-- Available data --
::::::

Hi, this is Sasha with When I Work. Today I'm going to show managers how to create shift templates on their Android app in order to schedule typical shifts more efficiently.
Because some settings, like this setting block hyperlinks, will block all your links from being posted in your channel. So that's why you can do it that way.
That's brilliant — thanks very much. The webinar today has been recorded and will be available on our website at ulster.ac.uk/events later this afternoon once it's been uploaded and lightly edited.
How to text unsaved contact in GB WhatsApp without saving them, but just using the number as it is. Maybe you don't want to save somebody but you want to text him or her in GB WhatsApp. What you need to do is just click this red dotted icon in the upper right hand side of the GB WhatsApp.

::::::

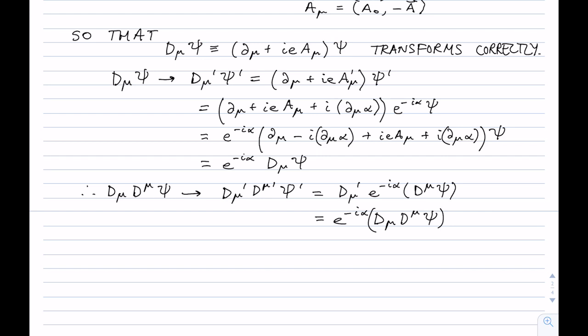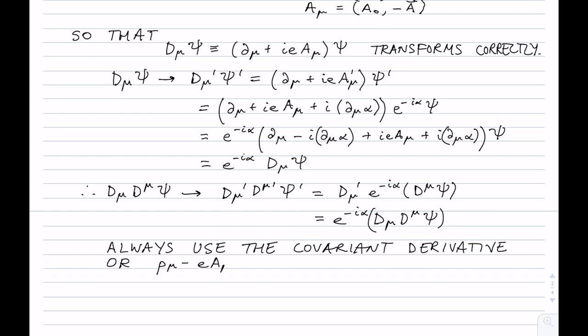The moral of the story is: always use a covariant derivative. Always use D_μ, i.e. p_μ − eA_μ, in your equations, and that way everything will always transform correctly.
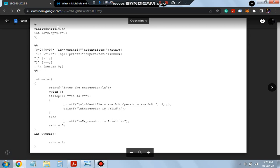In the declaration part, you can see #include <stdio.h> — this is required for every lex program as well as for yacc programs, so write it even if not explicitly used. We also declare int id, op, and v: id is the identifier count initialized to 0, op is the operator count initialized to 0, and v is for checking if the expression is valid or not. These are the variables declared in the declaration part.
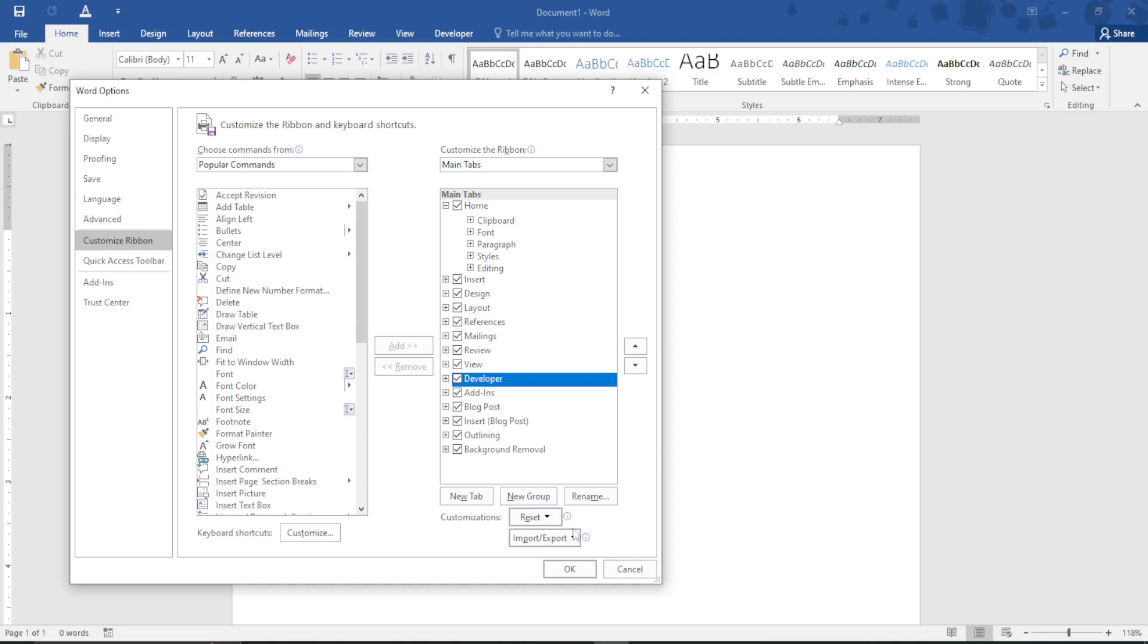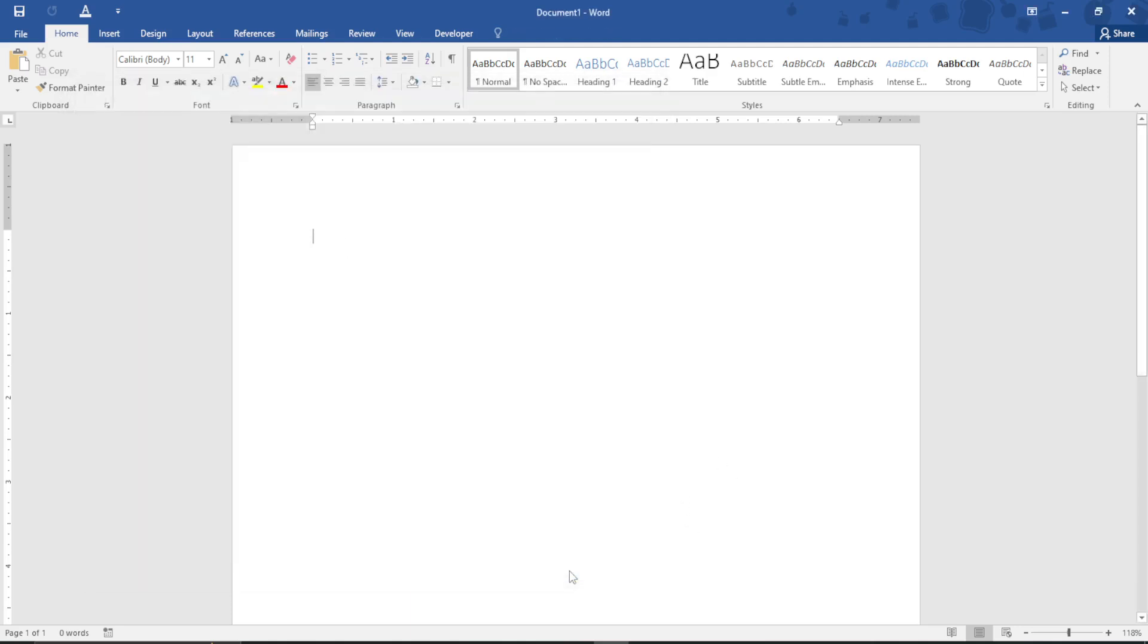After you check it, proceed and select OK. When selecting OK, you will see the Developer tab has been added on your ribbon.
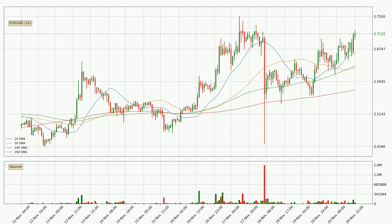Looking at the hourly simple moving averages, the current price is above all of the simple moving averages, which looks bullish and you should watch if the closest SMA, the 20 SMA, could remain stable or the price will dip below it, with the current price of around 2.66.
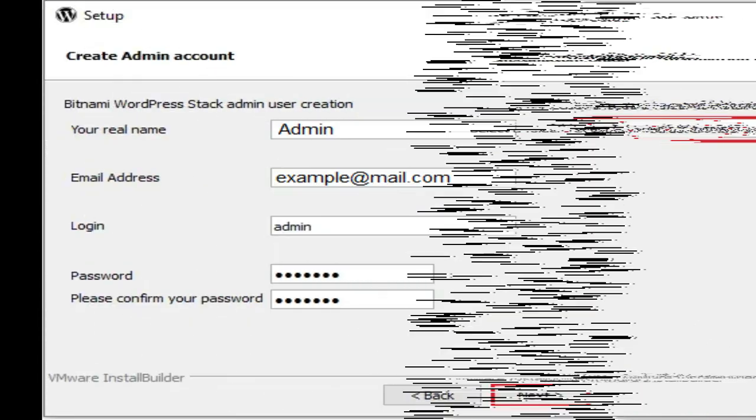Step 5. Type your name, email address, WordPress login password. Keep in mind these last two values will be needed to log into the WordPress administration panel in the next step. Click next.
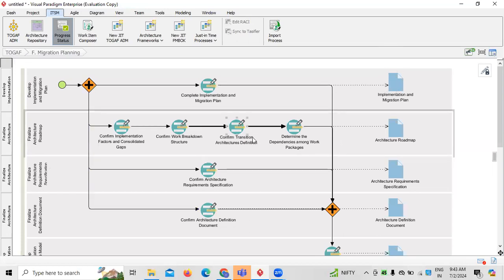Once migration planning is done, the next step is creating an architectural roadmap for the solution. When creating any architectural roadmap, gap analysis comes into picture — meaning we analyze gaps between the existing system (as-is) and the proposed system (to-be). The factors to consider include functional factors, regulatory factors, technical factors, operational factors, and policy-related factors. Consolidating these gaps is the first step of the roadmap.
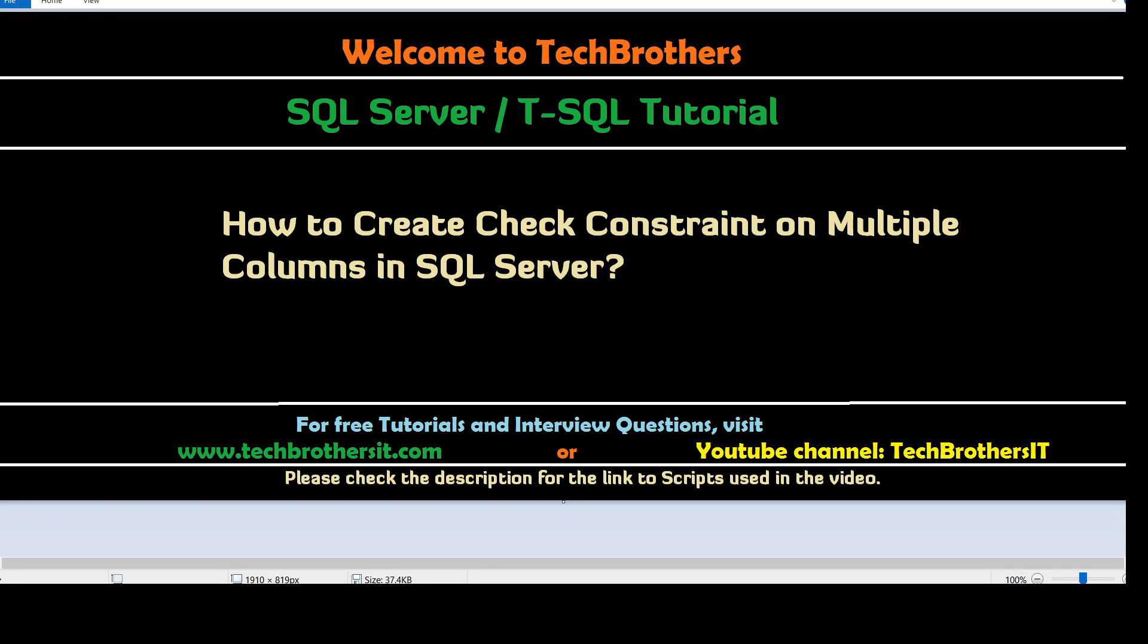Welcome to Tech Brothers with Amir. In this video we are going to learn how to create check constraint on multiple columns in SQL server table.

::::::

-- Exercise directions --
Your answer must be the lines above from the one holding "The moral of" up to and including the one holding "In the declaration part, you", exact and with no pictures.

-- Output below --
The moral of the story is: always use a covariant derivative. Always use D_μ, i.e. p_μ − eA_μ, in your equations, and that way everything will always transform correctly.
In the declaration part, you can see #include <stdio.h> — this is required for every lex program as well as for yacc programs, so write it even if not explicitly used. We also declare int id, op, and v: id is the identifier count initialized to 0, op is the operator count initialized to 0, and v is for checking if the expression is valid or not. These are the variables declared in the declaration part.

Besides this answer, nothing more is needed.